ABOUT THIS EXERCISE
When you reach the line containing "T-Shirt Design Generator" in the records below, start copying exactly, and stop once you have copied the line containing "HY Crystal Bride".

SOURCE MATERIAL
_ _ _ _

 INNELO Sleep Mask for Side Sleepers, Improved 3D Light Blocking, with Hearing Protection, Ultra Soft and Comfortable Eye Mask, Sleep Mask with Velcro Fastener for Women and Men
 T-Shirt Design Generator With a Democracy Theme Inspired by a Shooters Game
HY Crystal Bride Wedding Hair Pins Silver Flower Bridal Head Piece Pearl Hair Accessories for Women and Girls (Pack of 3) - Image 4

_ _ _ _

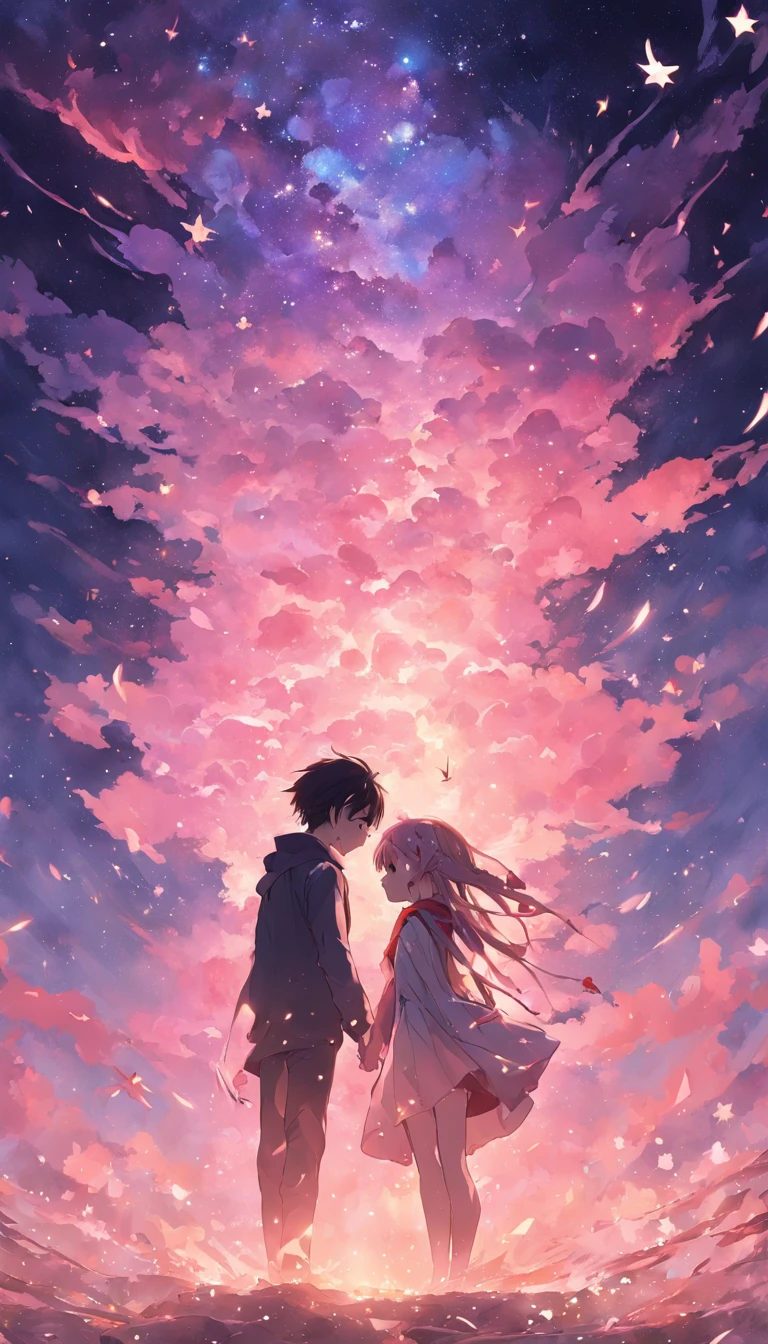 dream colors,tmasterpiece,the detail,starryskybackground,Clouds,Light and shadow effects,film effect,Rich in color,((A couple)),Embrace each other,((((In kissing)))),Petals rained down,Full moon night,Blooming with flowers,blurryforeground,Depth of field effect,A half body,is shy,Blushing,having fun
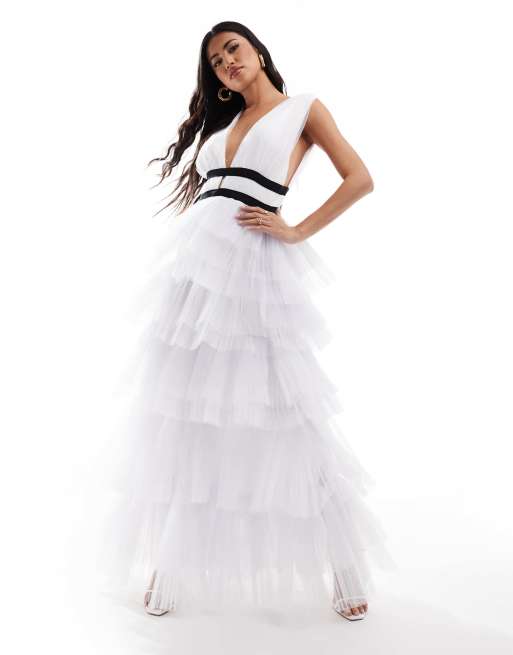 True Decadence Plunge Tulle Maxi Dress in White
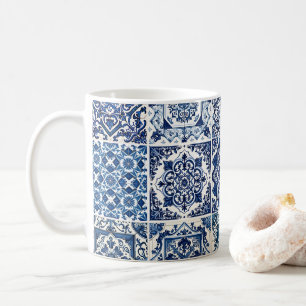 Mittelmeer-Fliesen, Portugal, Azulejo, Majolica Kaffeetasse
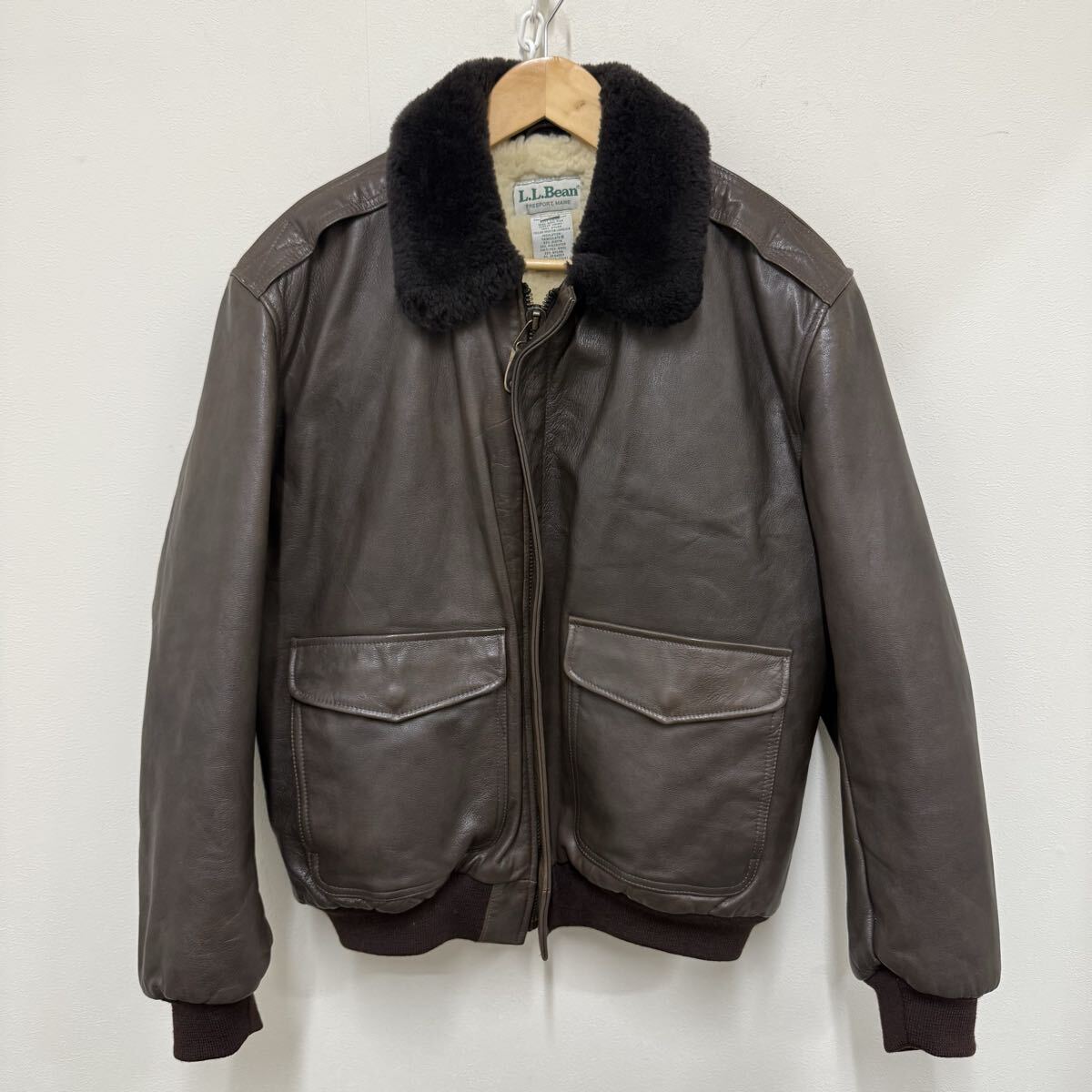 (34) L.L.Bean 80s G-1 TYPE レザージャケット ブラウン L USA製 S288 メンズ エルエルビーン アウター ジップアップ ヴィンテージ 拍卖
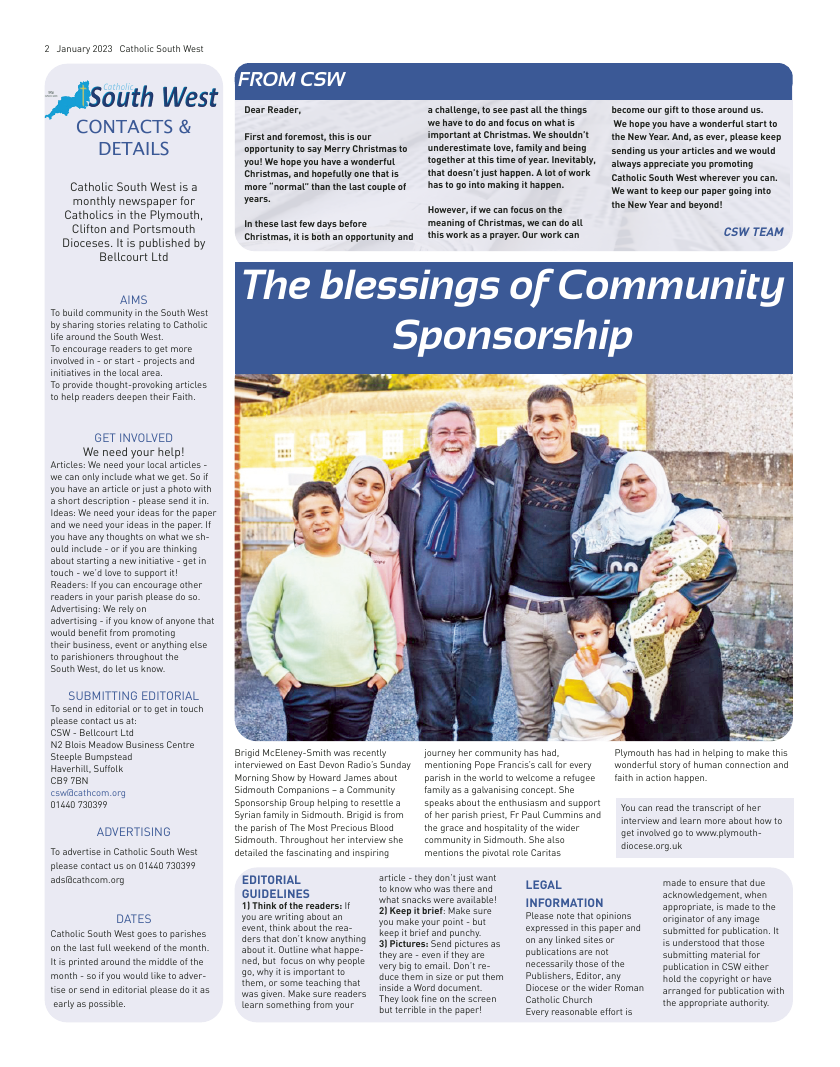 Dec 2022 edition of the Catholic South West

_ _ _ _

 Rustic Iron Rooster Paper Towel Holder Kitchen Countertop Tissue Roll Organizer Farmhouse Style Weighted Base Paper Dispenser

_ _ _ _

TASK ANSWER
 T-Shirt Design Generator With a Democracy Theme Inspired by a Shooters Game
HY Crystal Bride Wedding Hair Pins Silver Flower Bridal Head Piece Pearl Hair Accessories for Women and Girls (Pack of 3) - Image 4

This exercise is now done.